California's housing crisis just got a new challenger, and it's thinking smaller to solve bigger problems.
Samara, the prefab homebuilder behind thousands of backyard accessory units, just launched Locale to build affordable starter homes in California's priciest cities. These aren't your typical sprawling single-family homes that now average 2,200 square feet. Instead, they range from 1,000 to 1,750 square feet and use the same speedy factory construction that's made the company's backyard units so successful.
CEO Mike McNamara calls it "a missing form factor in California." He's right. The starter home, once the entry point for young families and first-time buyers, has nearly vanished from the state's housing market.
Samara started as a research division within Airbnb before spinning out in 2022 with co-founder Joe Gebbia. The company has built or planned 250 accessory dwelling units, with prices starting at $152,000 plus installation. Now they're applying that same blueprint to standalone homes clustered on urban lots.
The timing couldn't be better. California's Starter Home Revitalization Act recently changed to allow eligible lots to be split into up to 10 small homes. Samara already has about 10 cluster projects in development, bringing compact housing to neighborhoods where only large single-family homes once stood.

The appeal goes beyond just lower prices. More people want smaller yards, shorter commutes, and urban living without the two-hour drives to work. These homes deliver exactly that while staying in desirable California cities.
The Ripple Effect
Samara's shift from backyard units to starter homes shows how one solution can spark another. The company designed its entire system around small, infill housing from day one. That foundation is now scaling up to address California's broader affordability crisis.

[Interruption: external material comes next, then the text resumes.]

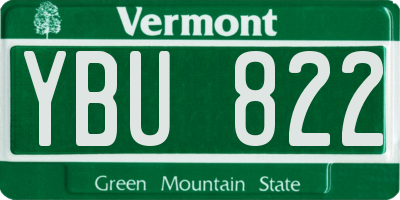 VT license plate YBU822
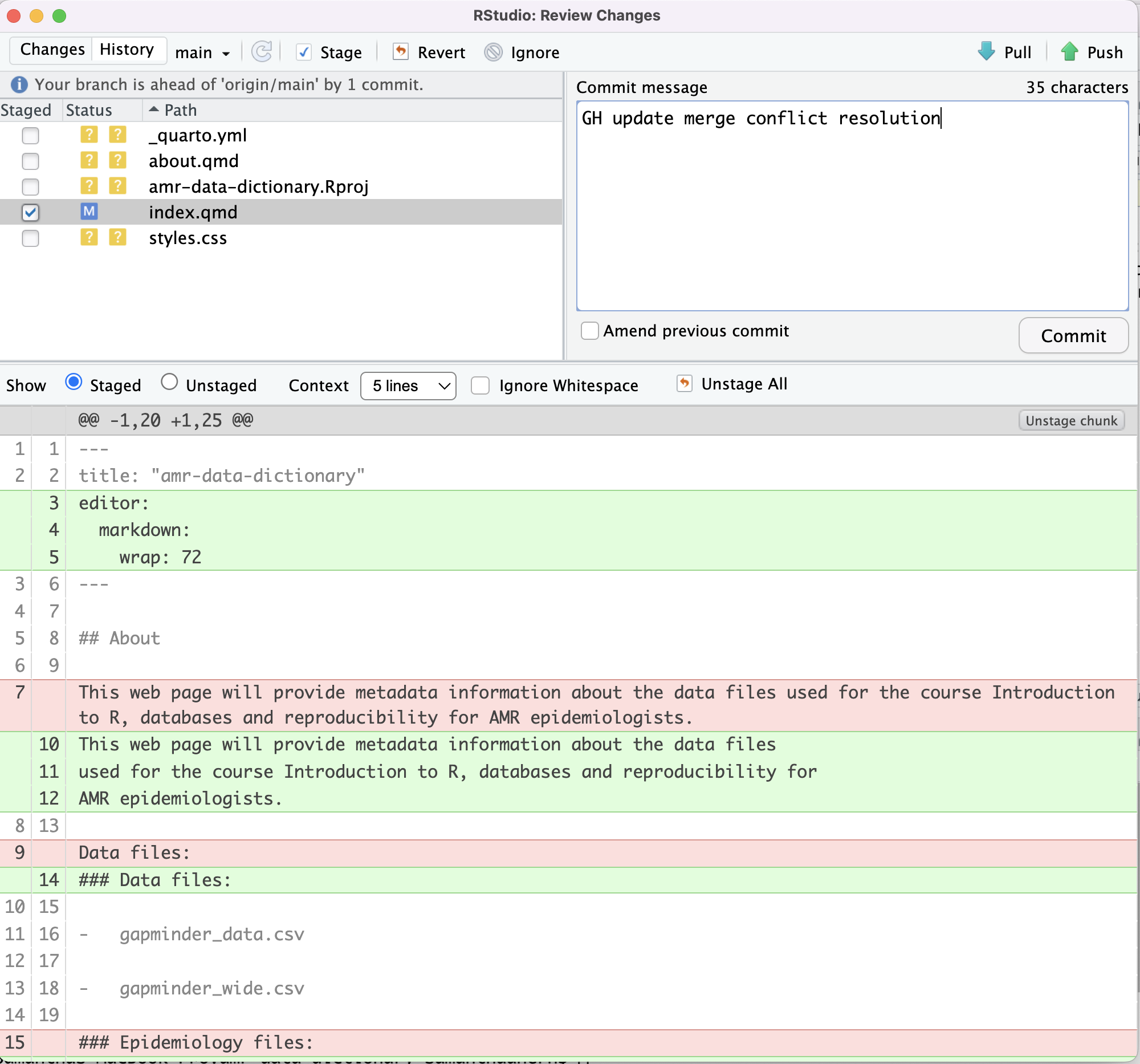 Screenshot showing commit of resolved merge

The numbers tell the transformation story. California permitted over 30,000 accessory units in 2024, a twentyfold jump from 2016. As regulations loosened and construction methods improved, what seemed impossible became routine. Starter homes could follow the same path.
Factory-based construction slashes both time and cost compared to traditional building methods. What once took months of on-site work now happens in controlled facilities, then gets installed quickly. That efficiency translates directly to lower prices for buyers who've been shut out of the market.
With $34 million in Series B funding raised in late 2023, Samara has the resources to prove this model works at scale.
The starter home doesn't need to disappear from California, it just needs to be reimagined for what people actually want and can afford today.